Later, Sensei quit the bank to work with Inside Kung Fu as a book editor for their publishing division. I mentioned his abilities in the Japanese language. Well, his English is good too. In this year’s New Year issue of the Aikido Center of Los Angeles Newsletter, he had one or two little poems, very well written. He’s an excellent writer and poet. And of course he wrote a martial arts column called Kodo, Ancient Ways, later published in book form. It’s thoughtful, serious, pointed; yet with moments of humor--just the way he was. It’s very well written and widely read. I highly recommend it to all my students too because he talks about Spirit, the Way, the philosophy of martial arts. I remember sitting in our favorite traditional Chinese teahouse on the outskirts of San Francisco’s Chinatown, the Imperial Tea Court, listening to him lament, in a semi-humorous tone, problems relating to the book’s title. Some bookstores stocked it in the music section, mistaking “Kodo” for the traditional Japanese string instrument, the “Koto.”
He also shot a series of videotapes on Aikido. I would love to see it converted to DVD with new sections added on his life, activities, dojo, and interviews of and about him, perhaps footage from his memorial service, to give people some feeling for this great person. This videotape still sells in U.S. and Europe and many aikido practitioners use it. It’s a major reference and I think it’s time to do something more with it.
Of course Sensei has published the Aikido Center of Los Angeles Newsletter for years. It wasn’t intended to just serve himself and his own dojo but to support all dojos in the U.S. He also connected with Japan. Every year several Japanese Aikido masters would be invited to visit the U.S. to promote the art. You can see how sincerely and seriously Sensei worked just from the information in his newsletter.

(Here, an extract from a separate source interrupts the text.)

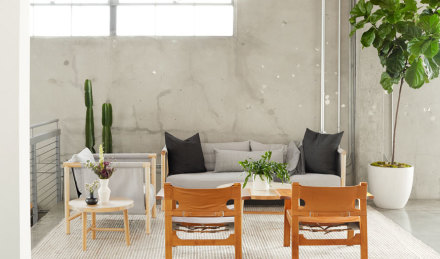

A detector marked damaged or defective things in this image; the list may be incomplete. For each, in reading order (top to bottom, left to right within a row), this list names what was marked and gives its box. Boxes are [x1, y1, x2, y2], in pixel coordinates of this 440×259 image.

cracked concrete wall [31, 0, 352, 183]
cracked concrete wall [356, 34, 440, 199]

Some time after leaving his banking job, Sensei started his first dojo, located in Hollywood. When he decided to move to Little Tokyo, the biggest Japan town in the world outside of Japan, he hired traditional carpenters from Kyoto. He himself worked with them learned their craft and literally built the dojo with his own hands, nail by nail, one pull on the saw after another. The Los Angeles department of history and culture should designate this dojo as a historical landmark, to be preserved forever.
Each year, Nisei week is an important event in Japanese communities throughout the nation. Furuya Sensei and his students always supported the Los Angeles activities with their time and effort. We all hope that this year they will do something to honor and appreciate the memory of this good friend.

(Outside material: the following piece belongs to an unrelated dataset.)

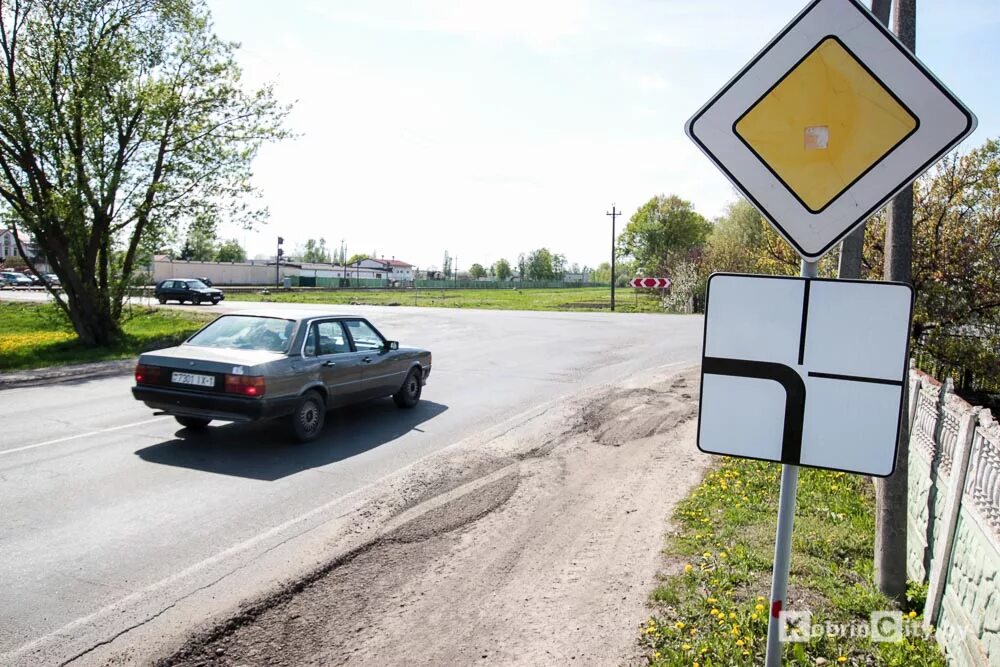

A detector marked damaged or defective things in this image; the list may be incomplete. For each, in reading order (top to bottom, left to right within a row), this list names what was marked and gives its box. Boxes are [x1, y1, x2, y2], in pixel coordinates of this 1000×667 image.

black bent line on sign [704, 360, 804, 464]
black bent line on sign [808, 370, 904, 386]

Furuya Sensei committed his time and efforts to support what he valued. He loved what he did. He wasn’t motivated by profit or fame or just fun. He did what he felt should be done. He did everything with sincerity, with passion, with his heart. Yes, he tortured himself with worry and was overworked and overburdened. Within him, dedication mingled with disappointment. Certainly, he was long overdue for a serious vacation. So although feelings of sadness surround me, so heavy, dense and intense, I am glad that his final moments were in his beloved dojo, laughing with his loyal students. For a soldier, the best place to die is on the battlefield and, even better, with a smile on his face.

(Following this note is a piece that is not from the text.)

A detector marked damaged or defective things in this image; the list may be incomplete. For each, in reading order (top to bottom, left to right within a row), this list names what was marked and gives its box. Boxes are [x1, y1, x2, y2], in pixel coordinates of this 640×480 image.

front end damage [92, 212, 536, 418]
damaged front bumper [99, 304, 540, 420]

What more can I say? He’s taken the big step into his new journey. I like to think that he decided to transform himself into a little angel, keeping an eye on us from above, guiding us as he always did, and hopefully protecting us as well. And now, resed and relaxed, removed from the grinding pressures of life in our society, I hope he can also help us move through the grief of losing such a well-educated gentleman, martial artist, good person and true friend. His passing marks an end of an era.